Nonetheless, the Jewish public feels increasingly threatened by the Palestinian minority’s greater visibility as it becomes a little more integrated into the country’s economic life. 

This divide has been deepened by the last two years of election stalemate. Both Netanyahu and his opponents have been unable to form a majority government without support from a bloc of legislators from the Palestinian parties. Israel has held four consecutive elections specifically to avert that outcome.

For many Israeli Jews, Palestinian citizens are effectively holding the political system to ransom, making it impossible for Jews to rule their own Jewish state without making major concessions to a Palestinian “fifth column”. That fuelled the surprise success of the openly fascist Jewish right in March’s election. 

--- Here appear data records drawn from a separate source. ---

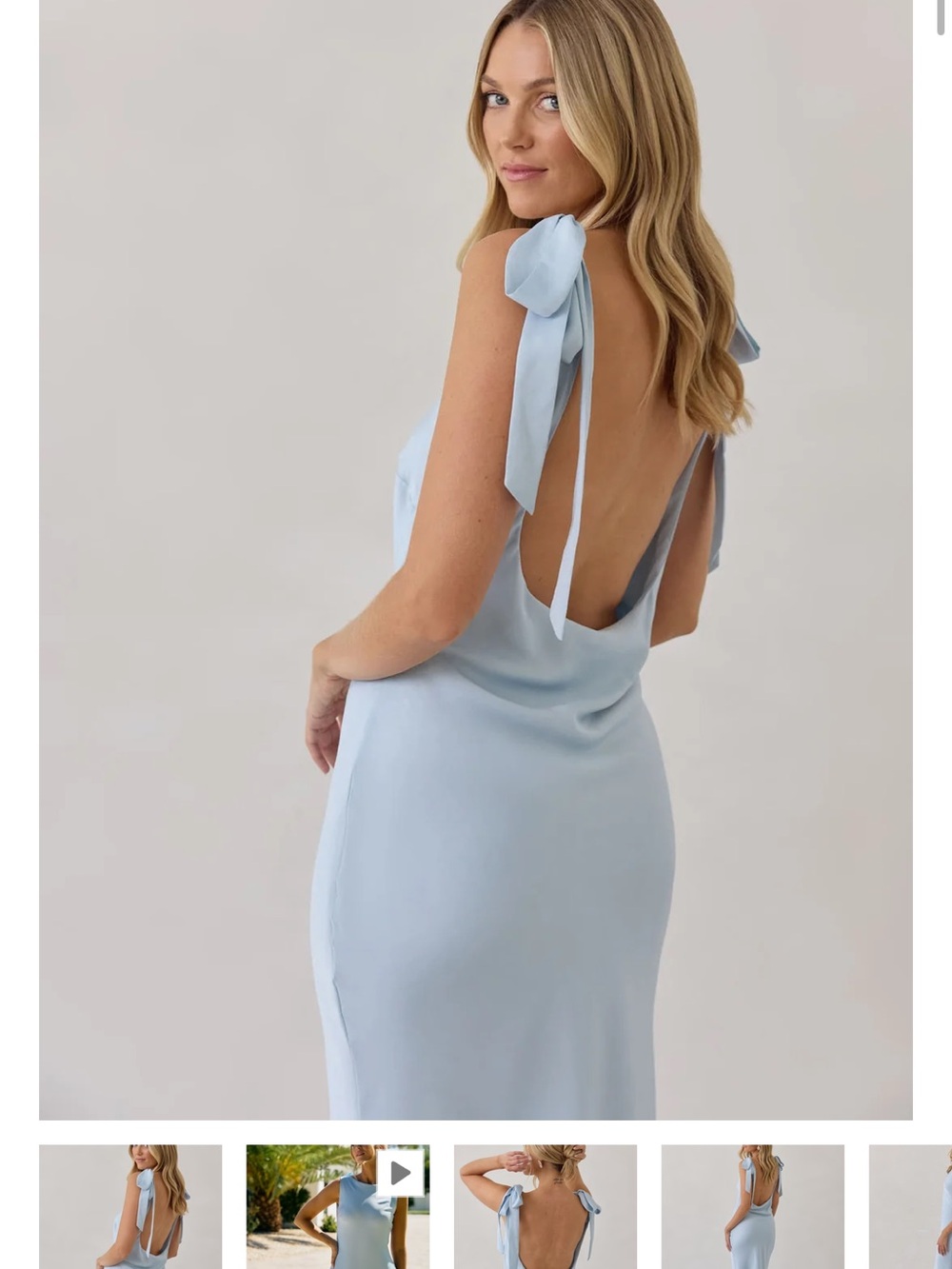 Park & Fifth Powder Blue Backless Tie-Shoulder Slip Dress
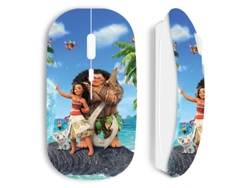 Póster del anime Moana 2 con ratón inalámbrico blanco de Maniacase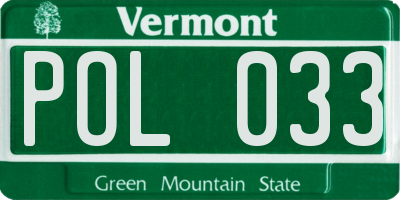 VT license plate POL033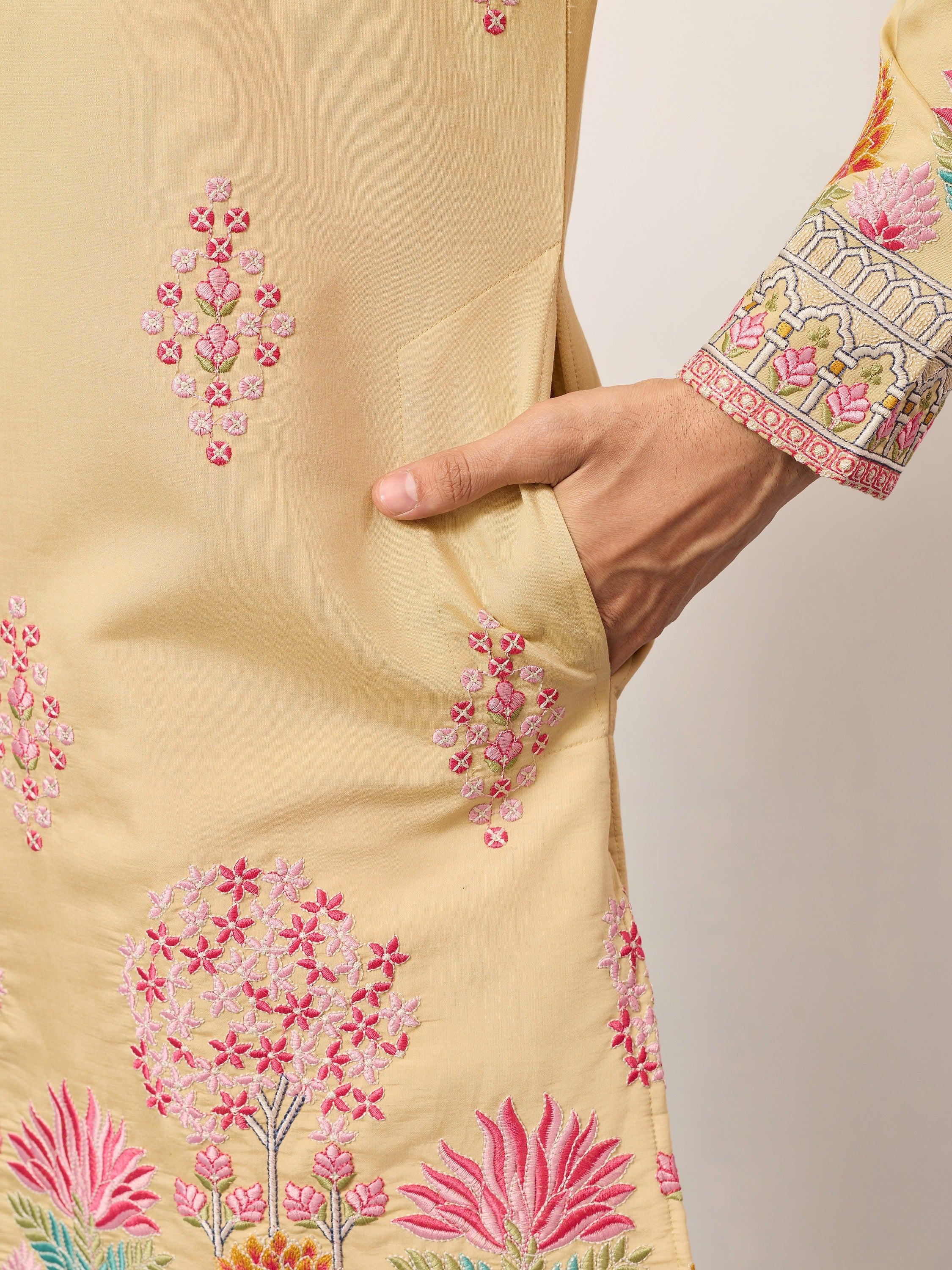Fabulous Beige Thread Embroidered Silk Festival Wear Men’s Kurta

And for the Palestinian minority, it is clearer than ever that there is no Jewish party – however moderate it professes to be – willing to work with the Palestinian parties. The electoral dead-end illustrates the political dead-end of trying to seek either peace for Palestinians under occupation or equality for themselves inside Israel. 

Back to its ugly old ways

The state ideology that makes Israel incapable of negotiating an end to the occupation of the West Bank and Jerusalem, or the siege of Gaza, is the same ideology that ensures the Palestinian minority remains marginalised, discriminated against and vilified.

That ideology has a name: Zionism. And it is rooted in a long settler-colonial tradition that is intimately tied to the histories of Europe and the “New World” its peoples colonised – in the United States, Canada, Australia, South Africa, New Zealand and elsewhere.

Shortly after the ceasefire with Hamas, Israel was back to its ugly old ways, reviving the very same policies that triggered the 11-day confrontation. 

Under escort from armed police, Israeli religious fanatics were back at the occupied al-Aqsa Mosque compound they are determined to bring under full Israeli sovereignty. Israeli police again attacked Muslim worshippers there. 

And the postponed case brought by the Israeli state and settlers to cleanse Palestinian families from their homes in occupied East Jerusalem will soon return to Israel’s courts. Protesters trying to stop the expulsions from Jerusalem’s Sheikh Jarrah neighbourhood were attacked too at the weekend. 

The inciting cause of Palestinian anger won’t go away. The abuses will continue and the resentment will build among Palestinians until it finds release again, in protests or rockets.

That is what the international community mystifies by calling “the cycle of violence”. But it is simply the cycle of Israeli aggressions and western complicity. Palestinians will keep struggling because they have no choice so long as Israel and its allies offer them no other route to dignity and freedom.